### [Exercise directions]
When you copy the material below, keep every line exact and drop the pictures.

### [Records for the exercise]
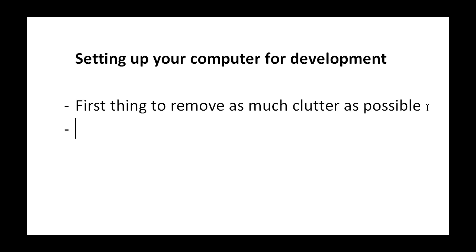All the unnecessary programs, applications, any sort of graphics enhancements on your operating system - take them off because you're going to need as much memory as you can get.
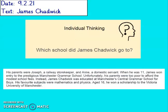So our first individual thinking question: which school did James Chadwick go to? This is the paragraph where we will be able to find the answer to this question. Pause the video, answer the question and then unpause for us to discuss.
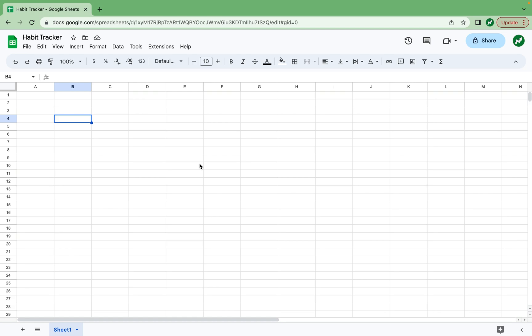Hey everyone, today I'm going to show you guys how to make a habit tracking spreadsheet that helps you track the habits that you want to adopt to help you reach your goals.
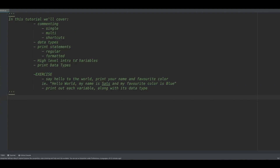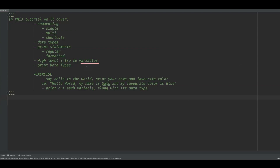This is the first Python tutorial, starting with the basics. We'll cover commenting — single-line, multi-line, and shortcuts — three major data types, print statements (regular and formatted), and a high-level intro to variables. The final exercise will be to print 'Hello World, my name is [name] and my favorite color is blue' using variables.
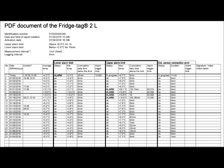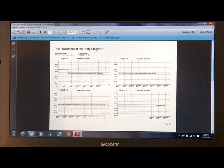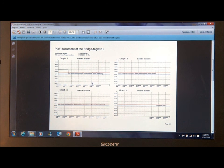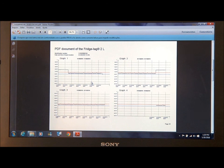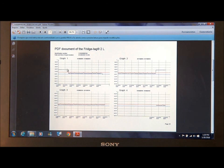With the Fridgetag 2L, you have a second set of data in the PDF. You'll see weekly graphs of all the information, and you can see in this past week that there were some high temperatures.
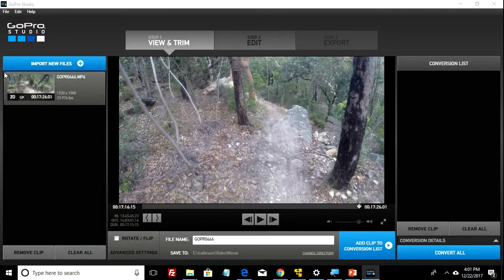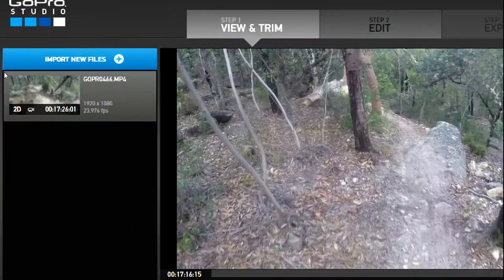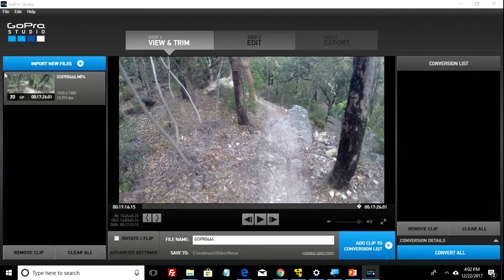GoPro Studio can be pretty frustrating at times. When you click on your files to get converted, the conversion can either stop or just totally stuff up your computer, and typically you need to kill GoPro Studio, restart it, and start the whole process over again — which is really time consuming. When your GoPro records, it breaks files up into 17-minute chunks. So if you've been suffering from conversion stalling, you need to break that file up into smaller chunks of about 6 minutes each.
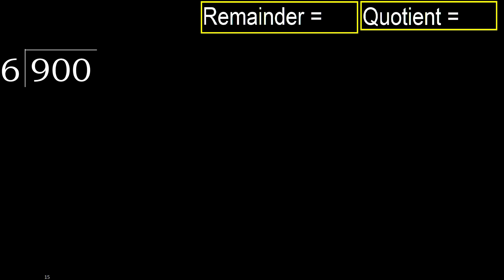900 divided by 6. 9 is not less, therefore with 9. 6 multiplied by which number is nearest to 9, but not greater? 6 multiplied by 2 is 12. 12 is greater.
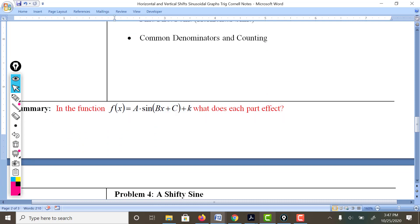In the function f(x) equals a sine of bx plus c, plus k, take a moment to reflect on what each part affects. It'll help with your understanding of how we do the rest of the graph.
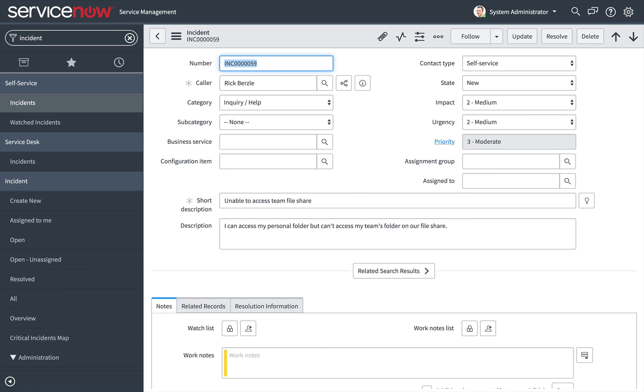This video introduced the major sections of the ServiceNow interface: the banner, the application navigator, and the content frame, and how to get around in the ServiceNow user interface.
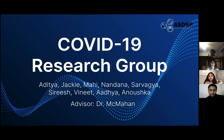Hello, everyone. We are the COVID-19 Research Group, and our advisor is Dr. McMahon.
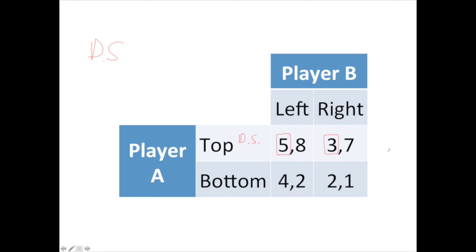Now let's switch and focus on player B. We're going to isolate rows and figure out what player B should do — go left or go right. Focusing on the top row first, mentally cross out the bottom row. As player B, you have a choice of going left or right: eight or seven. You'd prefer the eight.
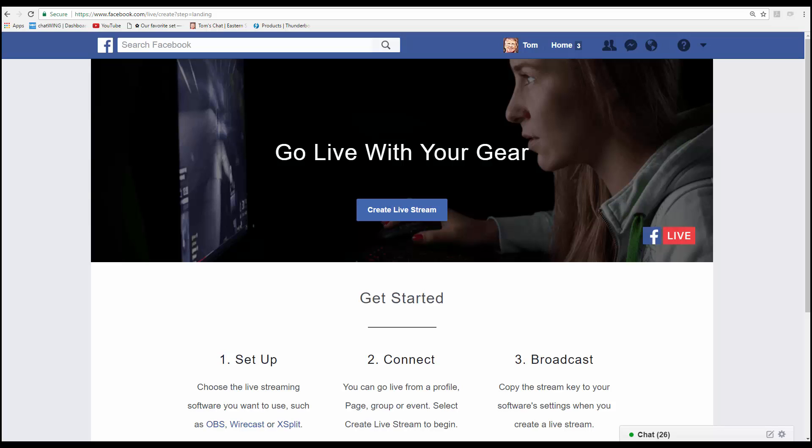The first thing to do is to go to facebook.com/live/create and that will bring you to this page. Next click the create live stream button in the middle of the page.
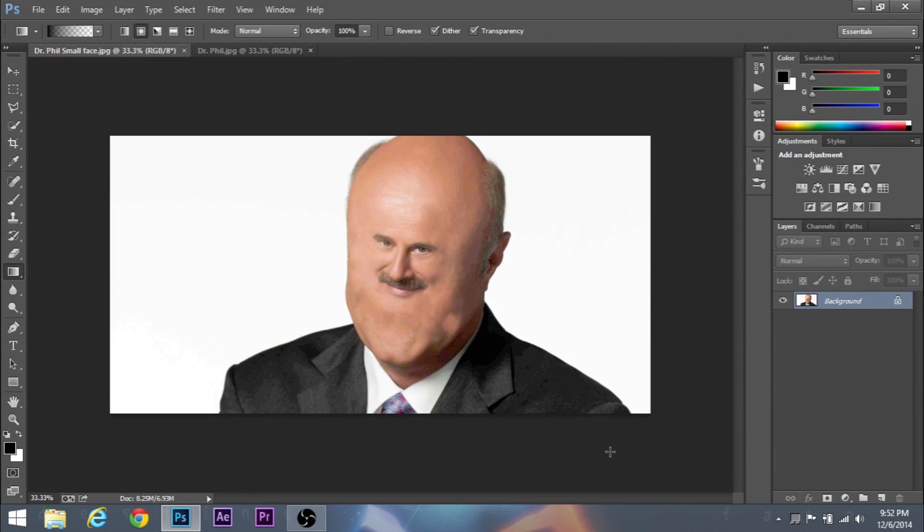Hey guys, Sid here and welcome back to another video. So today I'm going to be showing you how to make shrinking faces in Photoshop.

### [Output below]
All the unnecessary programs, applications, any sort of graphics enhancements on your operating system - take them off because you're going to need as much memory as you can get.
So our first individual thinking question: which school did James Chadwick go to? This is the paragraph where we will be able to find the answer to this question. Pause the video, answer the question and then unpause for us to discuss.
Hey everyone, today I'm going to show you guys how to make a habit tracking spreadsheet that helps you track the habits that you want to adopt to help you reach your goals.
This is the first Python tutorial, starting with the basics. We'll cover commenting — single-line, multi-line, and shortcuts — three major data types, print statements (regular and formatted), and a high-level intro to variables. The final exercise will be to print 'Hello World, my name is [name] and my favorite color is blue' using variables.
With the Fridgetag 2L, you have a second set of data in the PDF. You'll see weekly graphs of all the information, and you can see in this past week that there were some high temperatures.
GoPro Studio can be pretty frustrating at times. When you click on your files to get converted, the conversion can either stop or just totally stuff up your computer, and typically you need to kill GoPro Studio, restart it, and start the whole process over again — which is really time consuming. When your GoPro records, it breaks files up into 17-minute chunks. So if you've been suffering from conversion stalling, you need to break that file up into smaller chunks of about 6 minutes each.
900 divided by 6. 9 is not less, therefore with 9. 6 multiplied by which number is nearest to 9, but not greater? 6 multiplied by 2 is 12. 12 is greater.
In the function f(x) equals a sine of bx plus c, plus k, take a moment to reflect on what each part affects. It'll help with your understanding of how we do the rest of the graph.
This video introduced the major sections of the ServiceNow interface: the banner, the application navigator, and the content frame, and how to get around in the ServiceNow user interface.
Hello, everyone. We are the COVID-19 Research Group, and our advisor is Dr. McMahon.
Now let's switch and focus on player B. We're going to isolate rows and figure out what player B should do — go left or go right. Focusing on the top row first, mentally cross out the bottom row. As player B, you have a choice of going left or right: eight or seven. You'd prefer the eight.
The first thing to do is to go to facebook.com/live/create and that will bring you to this page. Next click the create live stream button in the middle of the page.
Hey guys, Sid here and welcome back to another video. So today I'm going to be showing you how to make shrinking faces in Photoshop.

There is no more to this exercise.